Poucos livros que conheço retratam com tanta dramaticidade o nascimento da literatura quanto “Lorde”, romance que João Gilberto Noll publicou em 2004 pela editora Francis, ganhou o prêmio Jabuti em 2005, e agora é relançado pela Record. O romance ilustra também a nova figura do escritor como um eterno viajante que, sufocado por uma multiplicidade de destinos, muitas vezes já nem sabe mesmo onde está, ou por que viaja.

“Lorde” conta na primeira pessoa a história de um escritor brasileiro que chega a Londres a convite de um cidadão inglês desconhecido. Não são claros os objetivos da viagem — mas ele supõe que incluam uma agenda literária. A chegada já lhe traz a intuição constante do fracasso: “algo me dizia que ele iria faltar”. A partir dali, o escritor se aventura não em uma zona de conhecimento, mas de desconhecimento. Região turva e sem direção, ambiente inóspito no qual a literatura também nasce.

O personagem de Noll — como um escritor qualquer diante de sua folha em branco — nunca sabe o que o aguarda. Espera-o uma tarefa secreta, que parece estar além de suas forças, mas a qual, ainda assim, ele precisa cumprir, ou tentar cumprir. Esse esforço dá nascimento ao livro, que nada mais é do que o resto inesperado de uma busca cega. Sente-se pressionado, “tendo eu que me preparar para uma tarefa que poderia me exigir muito além do que eu poderia oferecer”. O escritor está sempre aquém do livro que imagina. Seus dotes são insuficientes. Seus recursos não bastam para dar conta da tarefa a que se propõe. E, no entanto, é assim, nessa zona de penúria, e “sem condições”, que ele deve escrever.
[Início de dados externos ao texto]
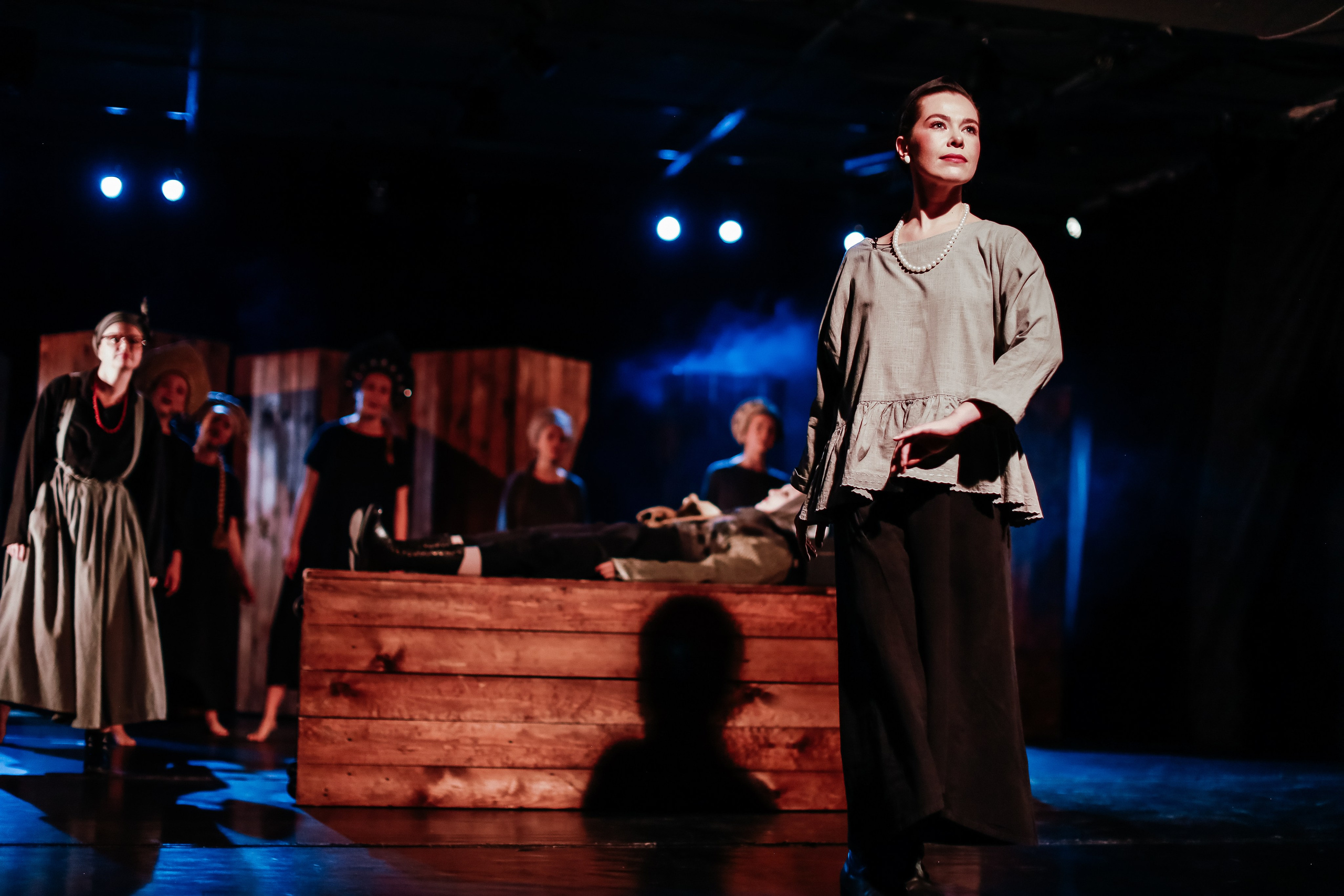 «Марьино поле». Молодежный театр Алтая. Режиссёр Ирина Астафьева. Фоторепортаж. Театральная фотосъёмка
Também a viagem a Londres, que antes prometia algum tipo de consagração, só lhe devolve a mesma solidão em que já vivia no Brasil. Troca uma solidão por outra. Enfim, o anfitrião inglês resolve lhe mostrar a capital britânica. “Ele sabia o que eu mesmo já não sabia mais”. Às cegas, o escritor se entrega a um ritual de sagração que é também a chegada a um exílio. Quando entram no apartamento que lhe reservaram, o escritor se dá conta de que lhe falta um espelho. Sua identidade começa a se esfacelar. “Ah, eu estava na cidade de Churchill e seu charuto, murmurei, não deveria esquecer, deveria fazer algum exercício para a memória”. Mas quanto mais convoca sua ajuda, mais ela lhe falha. A literatura nasce assim: de um lugar desconhecido, com propósitos não controláveis e intenções obscuras. O escritor acha que caminha numa direção, quando caminha em outra.
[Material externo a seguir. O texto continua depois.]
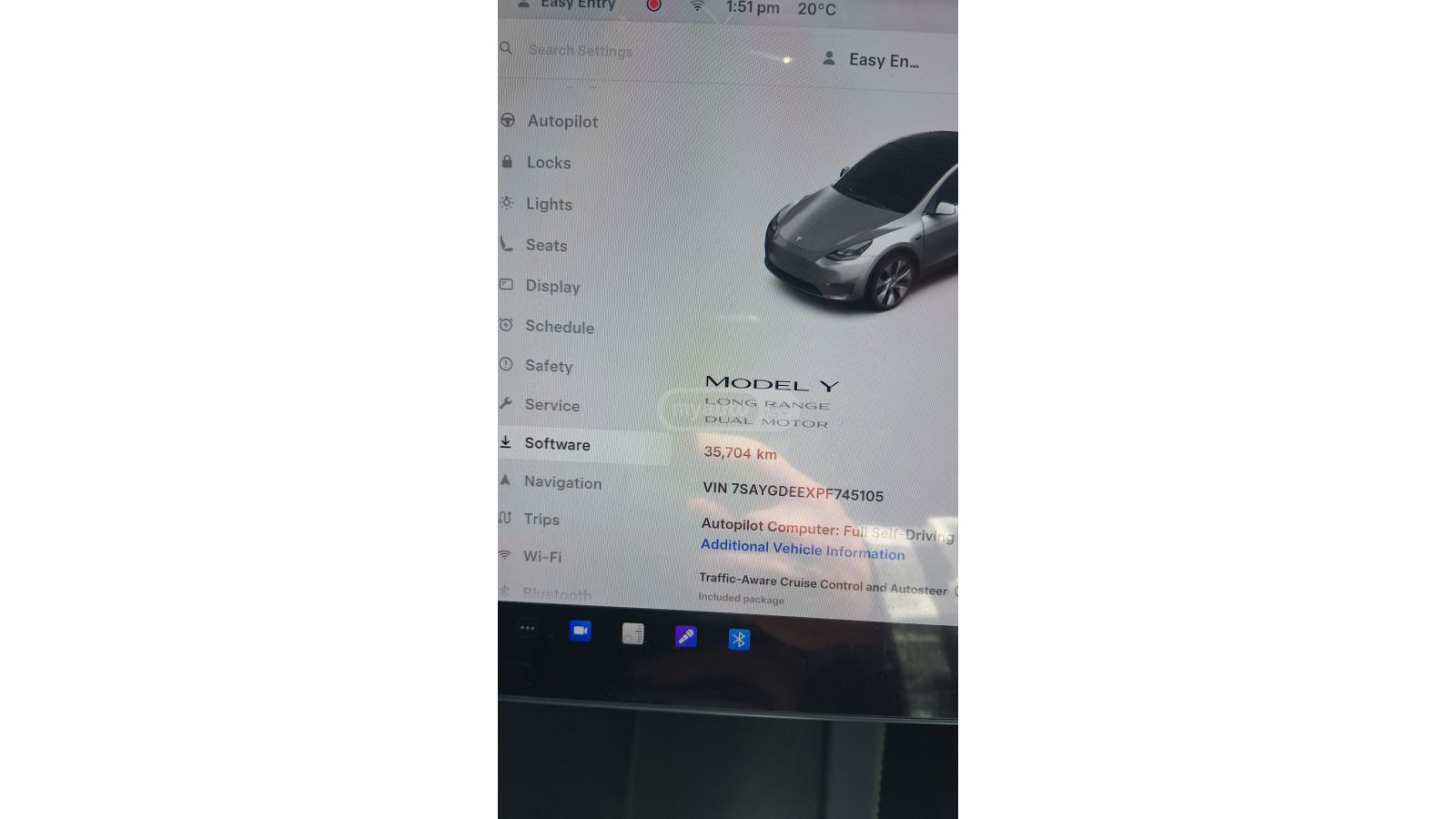 Tesla Model Y 2023 — photo 2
Tateia — como o personagem em Londres — em busca de algo que não consegue pegar. “Não que eu fosse um idiota completo, de nada lembrasse”. Mas a verdade é que a vida começa a lhe faltar, e é aí que a escrita encontra um lugar para se estabelecer, um vão para nascer como um rascunho da verdade. Ronda pelo bairro da periferia em que se hospeda, continua sua busca de um espelho, mas tropeça em migrantes e se embrenha numa atmosfera turva.

“Queria me ver depois da viagem, ver se eu ainda era o mesmo”. Quando enfim pode se reconhecer, se desconhece: “Eu era um senhor velho. Antes não havia dúvida de que eu já tinha alguma idade. Mas agora já não me reconhecia, de tantos anos passados”.
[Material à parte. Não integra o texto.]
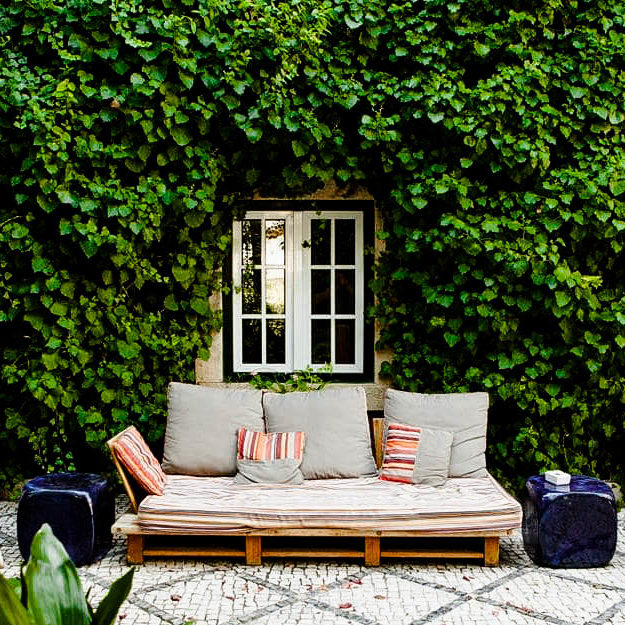 Where to Stay as a Digital Nomad in Lisbon, Portugal | Bucketlist Bombshells Lisbon is the perfect place for any aspiring girl boss who wants to hook up her laptop, get a strong wifi connection (and even stronger coffee) and the desire to totally rock her online biz from anywhere in the world. This is our list of fave places to stay in Lisbon!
A partir dessa ignorância de si, o escritor se embrenha em um turbilhão de acontecimentos cada vez mais bizarros. Segue em busca de uma identidade que teima em lhe escapar e, por fim, se dá conta de que é um dândi — um “lorde” — perdido em um mundo estrangeiro.

Passa a desconfiar que, em Londres, “já é outro”, mas não consegue nomear esse outro em que se transformou.

“Ah, eu me enganava de novo, o fato é que eu perdia a direção”, constata. Condição primeira da escrita, essa perda de direção.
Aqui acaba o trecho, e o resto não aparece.